Follow me as I follow Jesus

Monday Morning Munch No. 29 – The Explicit Gospel

the explicit gospelI’ve been reading The Explicit Gospel by Matt Chandler for a couple days now and I love this book. The easy read is solid truth and I wanted to share a little chunk with you. It copied funny from the PDF (which you can get by clicking here), but you’ll still get it.

I restrained myself from “bolding” anything, because I want the Spirit to show you what He wants you to see, not what Sophie thought was really important.

May God give us grace to see God for who He is.


It has been my experience that most evangelicals believe
Christians are in a bargaining position. We carry an insidious prosperity gospel around in our dark, little, entitled hearts. We come to the throne and say, “I’ll do this, and you’ll do that. And if I do this
for you, then you’ll do that for me.”
In the end God says, “You keep trying to pay me off with stuff that’s already mine.” Some of us even try to bargain with our lives.
But God says, “Please. I’ll take that life if I want it. I’m God.”
We presume upon our service. “I’ll serve you, God!” we say.
But he replies, “I’m not served by human hands as though I need anything (Acts 17:25). What are you going to do, give me something to eat? What are you going to do, paint my house? What are you going to give to me, as if I’m lacking?”

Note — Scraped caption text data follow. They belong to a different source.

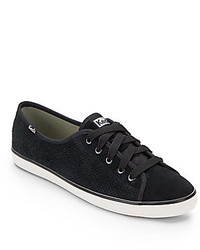 Keds Rally Perforated Suede Sneakers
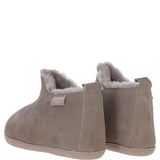 Fenland Classic Suede Sheepskin Bootie Slippers Taupe: DARWIN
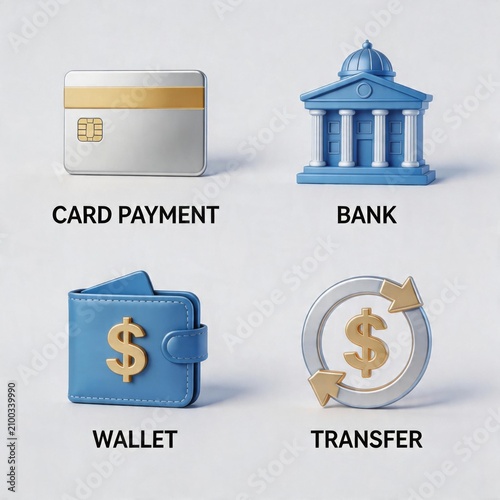 banking finance icons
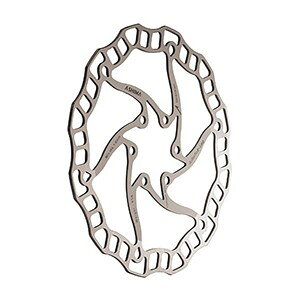 (ASHIMA/アシマ)(自転車用ブレーキ)ASM エアーローター ディスクローター 180mm シルバー (YBR00606)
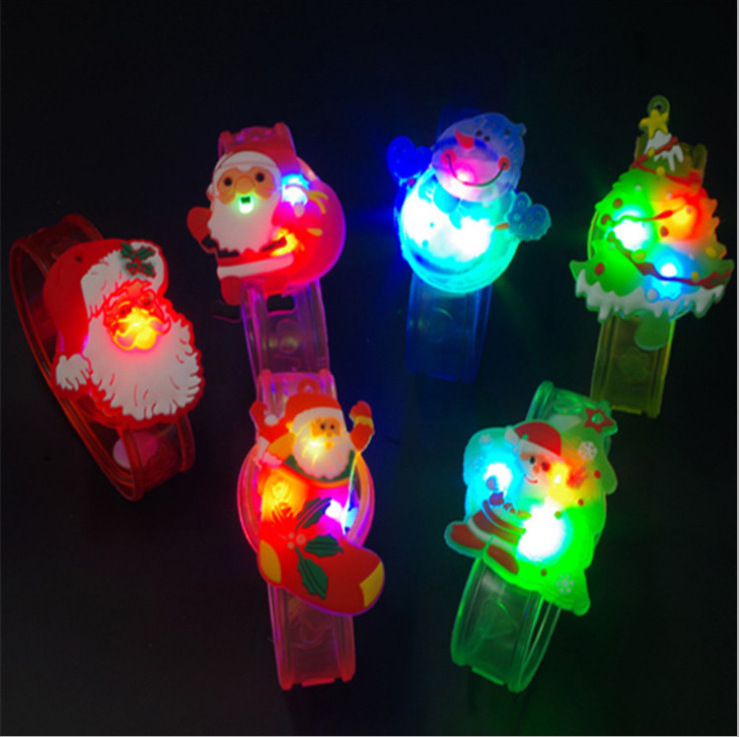 Christmas Luminous Wristband Racket Ring Festival Gift Bracelet Necklace Ring Children's Toy Flash Christmas Tree Whole Christmas Luminous Wristband Racket Ring Festival Gift Bracelet Necklace Ring Children's Toy Flash Christmas Tree Whole
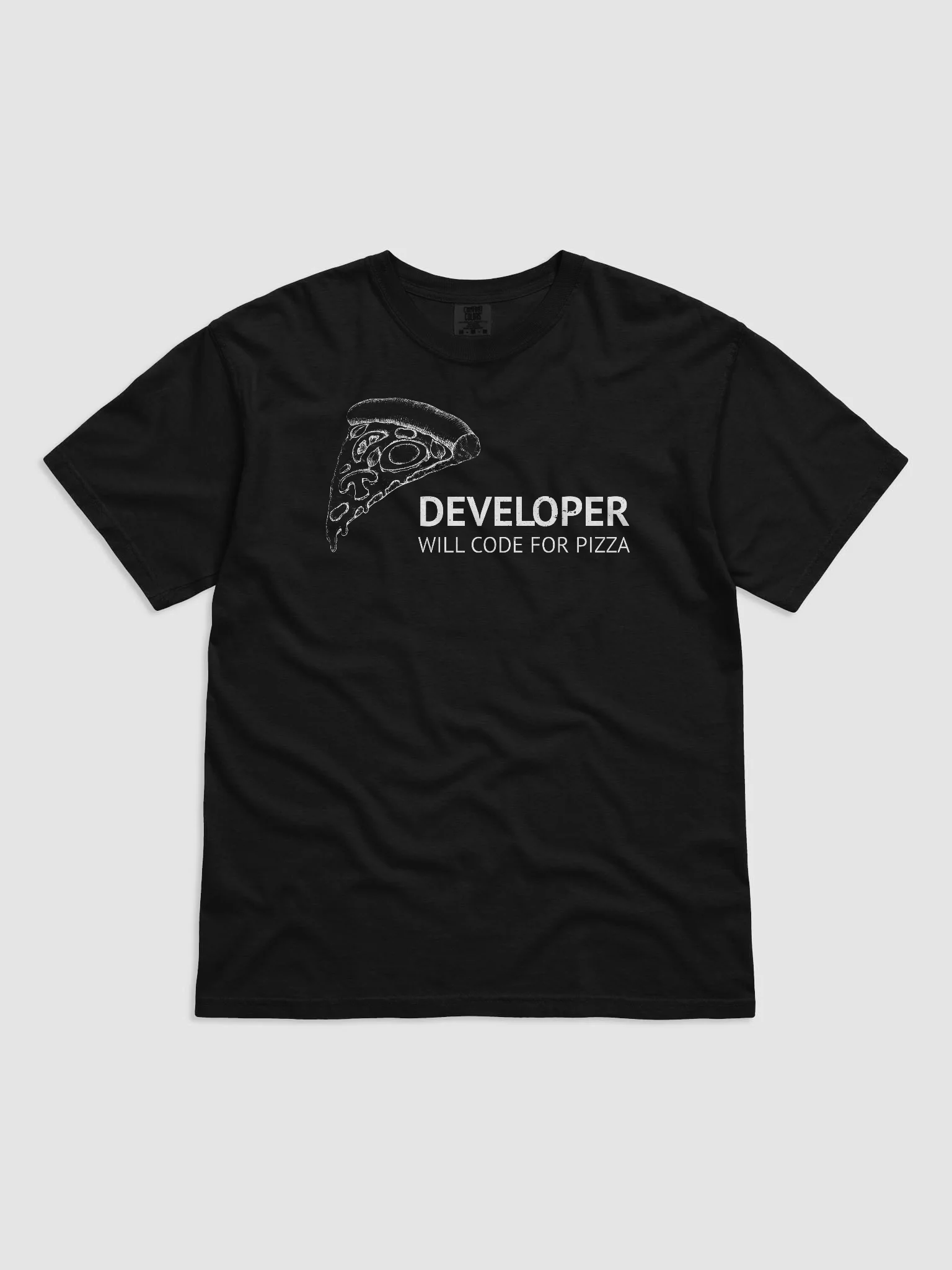 "Fueled by Pizza & Code" T-Shirt – The Dev Diet, Simplified product image (4)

The profitable result in these exchanges is the revealing of idolatry and pride within us. We want to live as though the Christian life is a 50/50 project we undertake with God, like faith is some kind
of cosmic vending machine. And we’re reinforced in this idolatry
by bad preachers, by ministers with no respect for the Scriptures,
by talking heads who teach out of emotion instead of texts, who
tickle ears with no evident fear of the God who curses bringers of
alternative gospels (Gal. 1:8–9). He owes us nothing.
And we have nothing to give to him that he doesn’t already
own outright.

The customary response to this, of course, is to ask about the
place of following God and serving his cause. There is plenty of
call for this in the Bible. But the reality is that all God has to do is
reveal himself to you, and you’ll gladly join the mission in service
to his kingdom. He doesn’t force the issue; he just has to reveal
himself as he is: mighty, wondrous, gracious, loving, and radically
saving. No man goes back to saltine crackers when he’s had “let

And even this truth is further revelation of God’s grace, because
it shows that he doesn’t need us; rather, he wants us. When we who
call ourselves Christians realize how utterly self-sufficient God is
all within himself—the three in one—the gift of Christ to us and
for us becomes all the more astonishing. And we will want it this
way. Because a God who is ultimately most focused on his own
glory will be about the business of restoring us, who are all broken
images of him. His glory demands it. So we should be thankful for
a self-sufficient God whose self-regard is glorious.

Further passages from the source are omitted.